第466話 ギルドポイント、不正受給作戦


「なんだこれ……」


「薬草ですが」


 納品所でヒゲの受付さんに薬草を見せたところ、いぶかしげな反応をされてしまった。

 まぁ無理もない。だってこの薬草は――


「これ……どっかで買ってきたやつだろ?」


「おっと、それを見抜くとは、さすがですねヒゲの受付さん」


「そりゃあ気付くわ」


 根っこも切られているし、綺麗に洗われているし、言われてみれば確かに既製品だとわかるものかもしれない。

 とはいえ、それにひと目で気付くとは大したもんだ。さすがはヒゲの受付さん。立派なヒゲをたくわえているだけのことはある。

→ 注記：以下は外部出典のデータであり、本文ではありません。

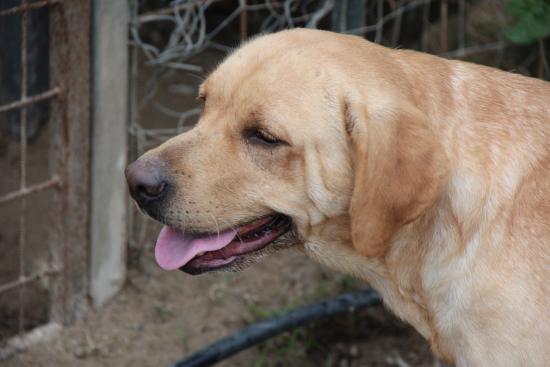 Wilma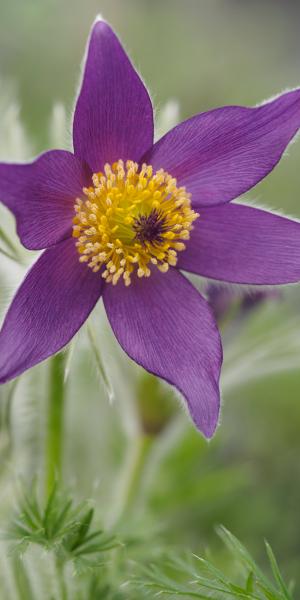 PULSATILLA vulgaris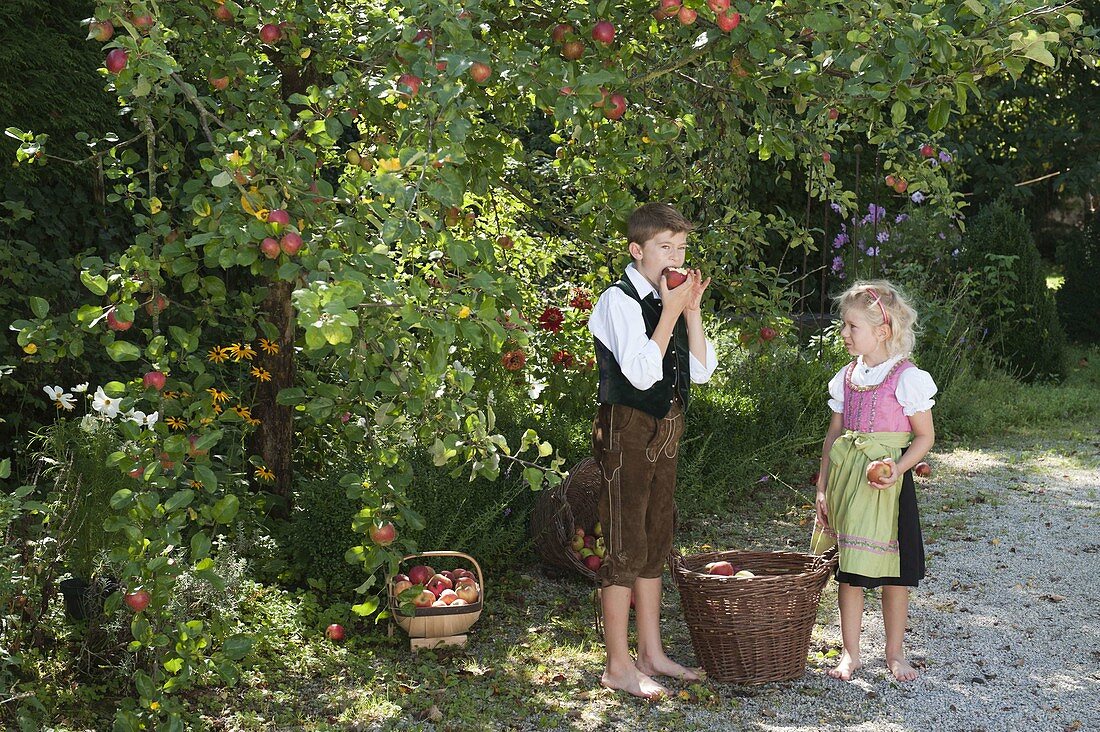 Apple harvest with children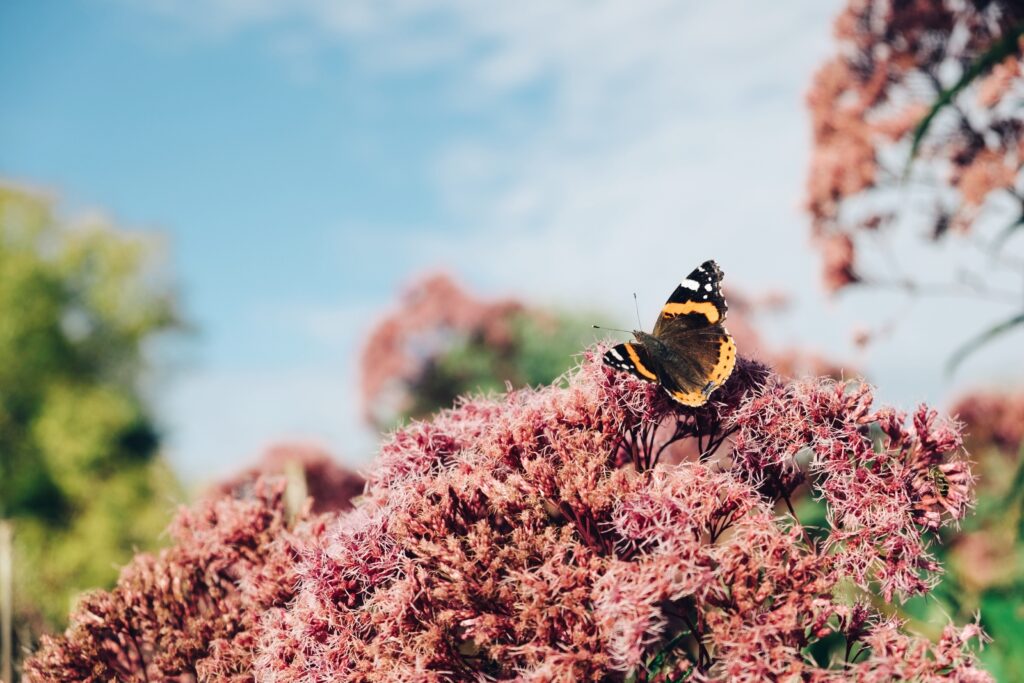 Vibrant Butterfly Wallpaper: Pink Flowers & Blue Sky Background
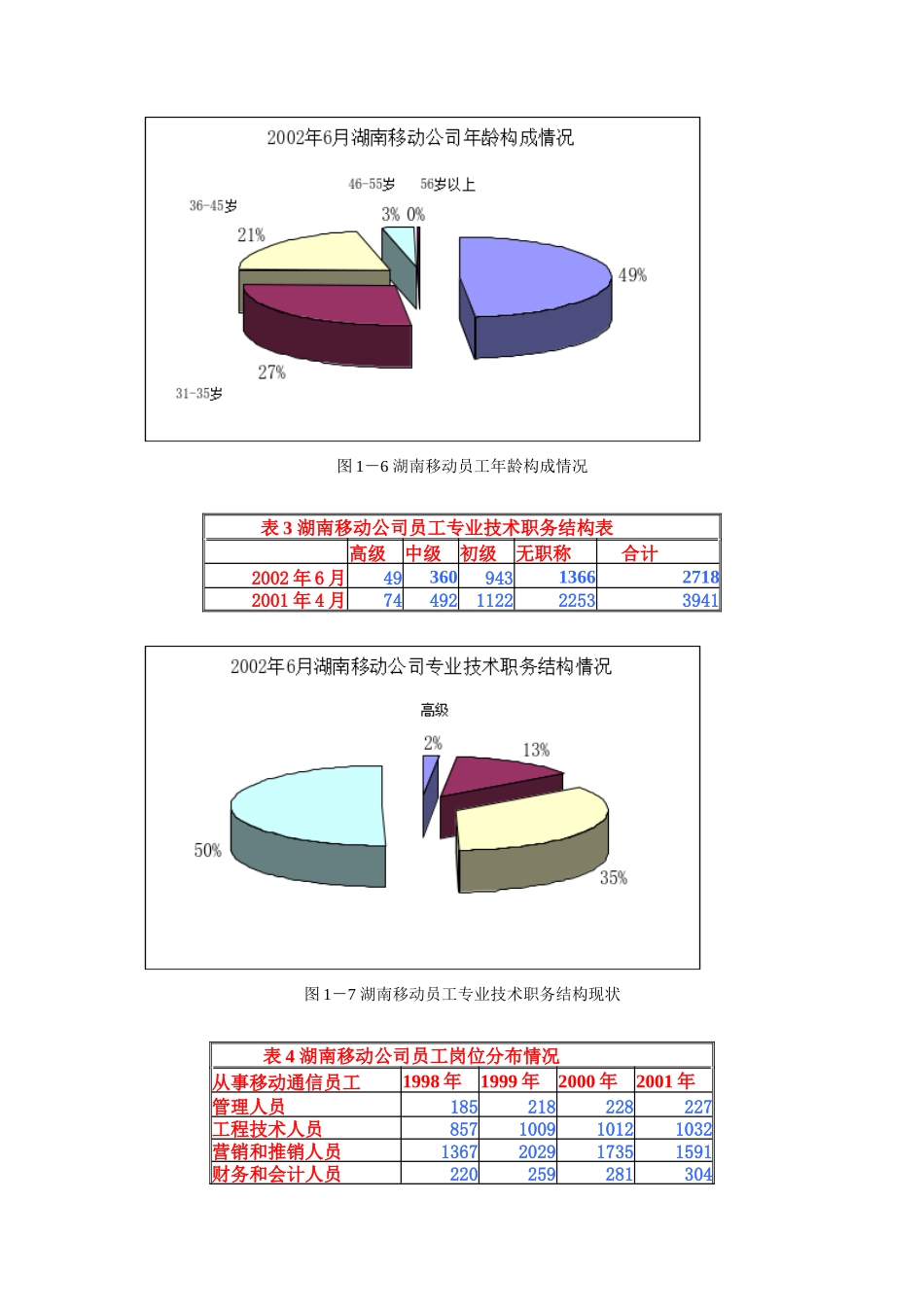 湖南移动通信人力资源现状与分析_第2页
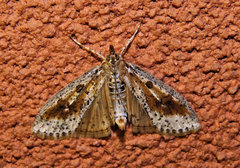 Palpita aenescentalis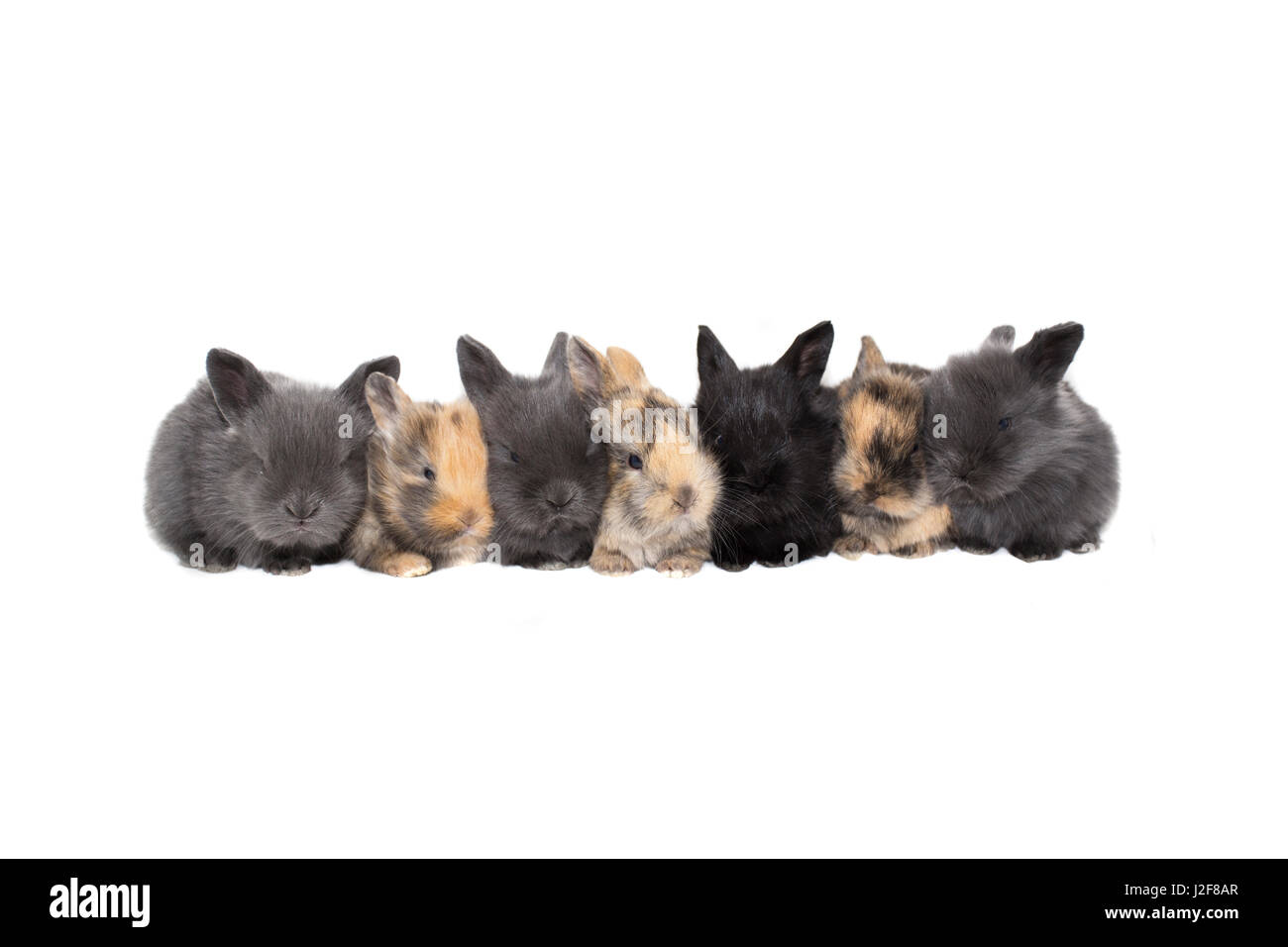 Line-up of baby bunnies Banque D'Images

「で、なんだこりゃ? なんだってまた、買ってきた薬草を納品しようとしてるんだ?」


「ええまぁ、いろいろと事情がありまして」


「あれか? うっかり買いすぎちゃったか?」


「買いすぎ? あー、いえ、違います。別にそういうことではなくて――」


 というか、ここ一ヶ月ほどは外で薬草を引き抜く活動ばっかりしていたわけで、買うこともなければ余ることもないよね。……まぁ、今回は買ってきたんだけどさ。


「買いすぎて余ったわけではありません。今回十本ほど薬草を持ってきたのですが、お店で買ったのもこの十本だけです。つい先程買った十本です」


「……うん? えぇと、ついさっき買って、それをそのまま納品しに来たのか?」


「その通りです」


「……なんで?」


 まぁわかるまい。いったいこの行為になんの意味があるのか、それはそれは不思議に思うことだろう。


「実はですね――ポイントが欲しいのですよ」


「ポイント?」


「ギルドポイントです。もっとギルドポイントが欲しいのです。早くランクを上げたいのです」


「あー、確かに以前からアレクはそんなことを言っていたな。『早くEランクに上がりたい。Fランクはイヤだ』みたいなことを……」


 Eランク到達に必要なギルドポイントが3000ポイント。現在200ポイントなので、残り2800ポイント。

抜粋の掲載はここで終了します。